Although popular in Japan, dancing games have never really caught on in the US except Guitar Hero and Rock Band – you find some in arcades, but they haven’t made it big on the home console. The only previous experience I’ve had with the genre has been during my last few visits to the Seattle Gameworks where several arcade dance games are available. I must admit that I was skeptical of Samba De Amigo — I’ve never seen the point of dancing games, but after playing for a few minutes I began to enjoy myself. However, this isn’t a game you’re going to want to play alone — this is a party game and full enjoyment requires making a fool of yourself with your friends.
The key to Samba De Amigo is the special maracas controller (wich I bought at a retail price of $79.95) that consists of two bright red maracas and a floor sensor that detects where they are at all times. As you play the game blue and red balls on screen tell you exactly where and when to shake the maracas. If you keep on the directed beat your score rises appropriately. You can play with a standard Dreamcast pad, but the game just isn’t the same. In addition to shaking the maracas as directed, the game will occasionally ask you to strike a pose from time to time by showing you a stick figure on-screen. If you can match the pose within the time limit you’ll earn extra points. In the standard game mode you get two songs to play and if you’re really good you’ll be rewarded with a special third song.

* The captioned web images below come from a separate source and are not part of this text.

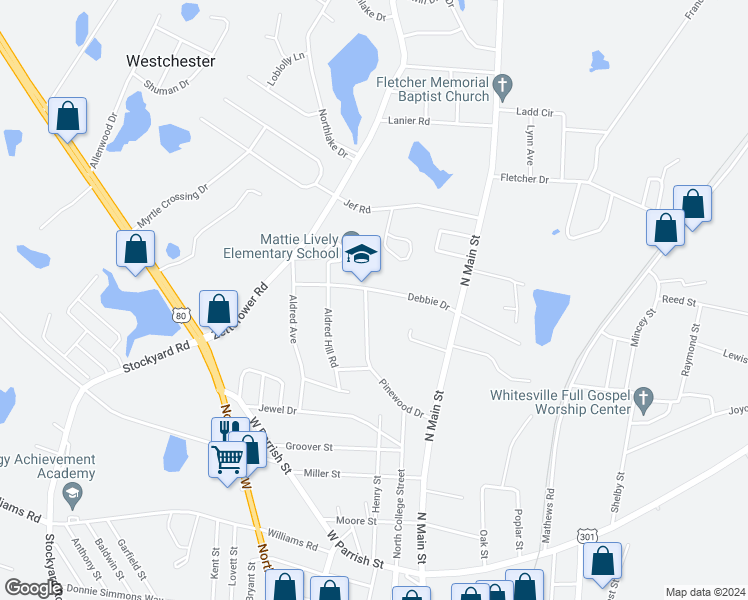 map of restaurants, bars, coffee shops, grocery stores, and more near 121 Debbie Drive in Statesboro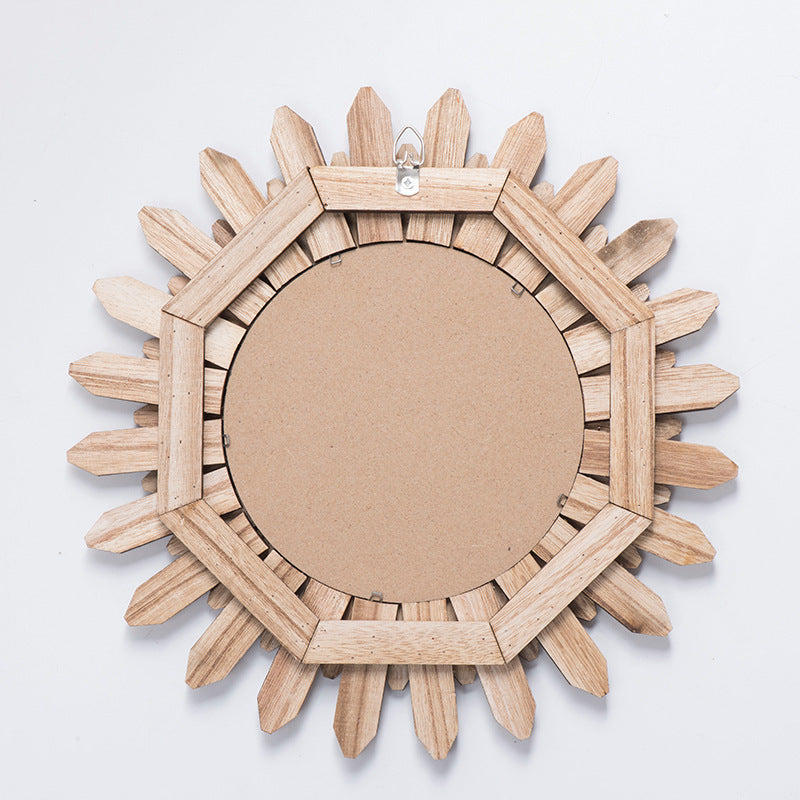 European style Solid Wood Handmade Finish Hanging Mirror Entrance Decoration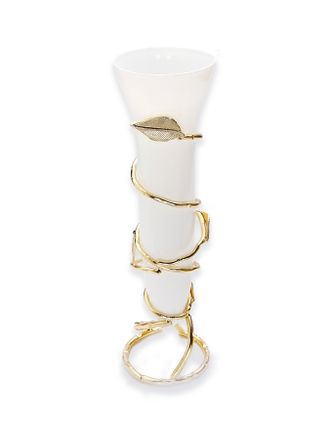 Classic Touch Gold Leaf Vase with White Insert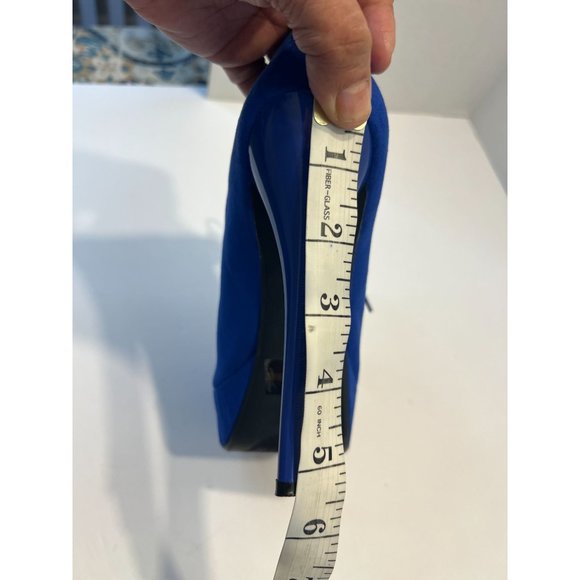 Qupid Platform Dazzling Cobalt Blue Suede Shoes - Picture 13 of 13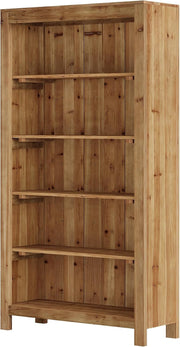 5-Tier Tall Solid Wood Bookcase Modern Large Bookshelf Display Storage Shelves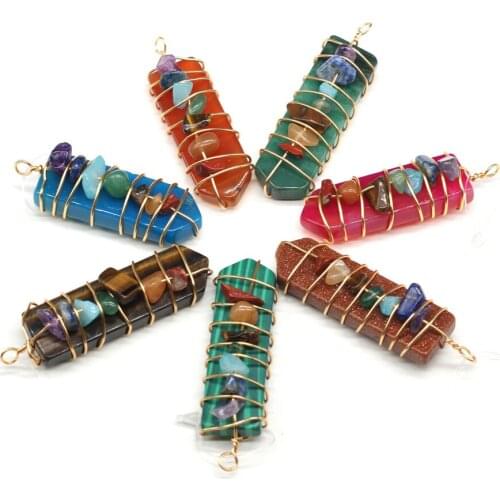 Natural Stone Pendant Winding Seven Chakra Reiki Healing Gemstones For Jewelry Making DIY Necklace Bracelet Anklet Accessory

In addition to the default game mode there is a single player challenge mode where you must match the on-screen directions, performing successively better on each song to beat a preset score. Mastering the challenge mode will make you the dance king at your next party. Add to that the multiplayer party modes and you’ve got the makings of a good time for you and all your friends.
Graphics & Audio
The music in Samba De Amigo consists mostly of classic samba tunes, but adds several recent songs including "Living La Vida Loca," "Tubthumping," and the ever-annoying "Macarena," all arranged to provide maximum dancing fun. Excellent sound quality is required for this style of game and Sega provides it in spades. The bright, colorful animations blend with the music perfectly. Amigo, the monkey who is the main character in the game, is particularly fun to watch. If you are keeping to the beat correctly while you play, the animations get livelier and livelier, but if you don’t you may leave Amigo crying at the end of the song — and who wants to make a monkey cry?
The main downside to Samba De Amigo is the cost — getting the game and the required controllers used to be over $100 and that’s just for a single player. If you want to try the two player modes you were looking at close to $200. But despite the cost this is a game that was sure to enjoy with a group of friends. I found myself liking it despite my preconceptions and played a lot more than I thought I would. So grab your maracas and start shaking.